While digital fabrication and 3D printing offers numerous benefits, it is still somewhat limited by factors such as material properties, structural integrity and long-term durability, which are often uncompromisable factors in the planning of a building. As this technology advances, brise soleil systems will no doubt increasingly incorporate this technology.
5. Environmental Advancements
Continued focus on sustainability has driven the development of brise soleil systems made from environmentally friendly and recyclable materials. The use of green aluminium billets is an example of such a practice, using recycled aluminium which reduces a buildings’ carbon footprint, reducing emissions and minimising the overall environmental impact of aluminium production. The use of timber as a renewable and sustainable construction material has gained popularity as a brise soleil material due to its aesthetic appeal, low carbon footprint and positive environmentally impact. Fire treatments are used to protect the timber from potential fire hazards.
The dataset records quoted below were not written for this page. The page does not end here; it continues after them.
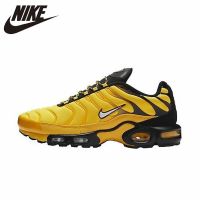 New HOT 【Original】 ΝΙΚΕ Ar* Max- Pluss- T- N- Frequency Pack Yellow Black Breathable Men Running Shoes Comfortable Lightweight Sports Shoes {Free Shipping} {Free Shipping}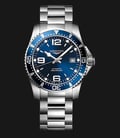 Longines HydroConquest L37424966 Automatic Sunray Blue Dial Stainless Steel Strap-0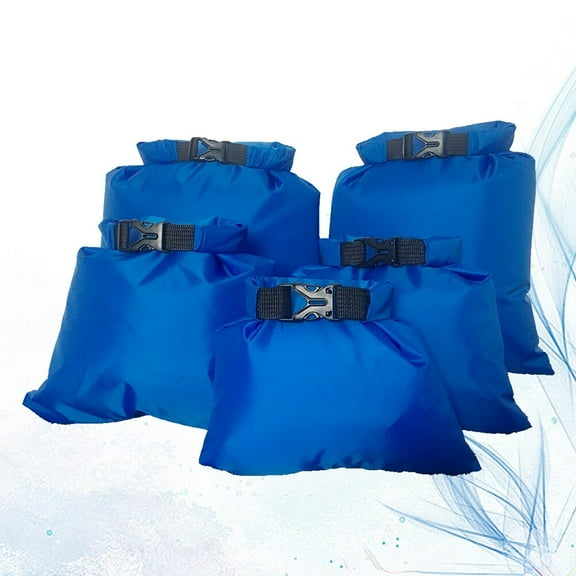 WHAMVOX  5 PCS Big River Dry Bag Completely Waterproof Backpack Blue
The combination of green aluminium billets and timber buildings could potentially involve using sustainable aluminium production practices for structural components or fittings in timber constructions. This approach could offer a blend of eco-friendly materials and practices to create innovative and environmentally-conscious building solutions.
Conclusion
The world of brise soleil is undergoing a remarkable transformation, driven by continuous advancements in materials and technologies. The integration of sun-tracking programs, photovoltaic capabilities, dynamic facades, kinetic buildings, digital fabrication and 3D printing and environmentally-friendly materials has elevated brise soleil from a passive shading solution to an intelligent and sustainable architectural features.
As the demand for energy-efficient and environmentally conscious buildings increases, brise soleil innovations are expected to become a standard element in contemporary architecture. These advancements not only enhance the overall building performance but also represent a significant step forward in the pursuit of a greener and more sustainable future for the construction industry.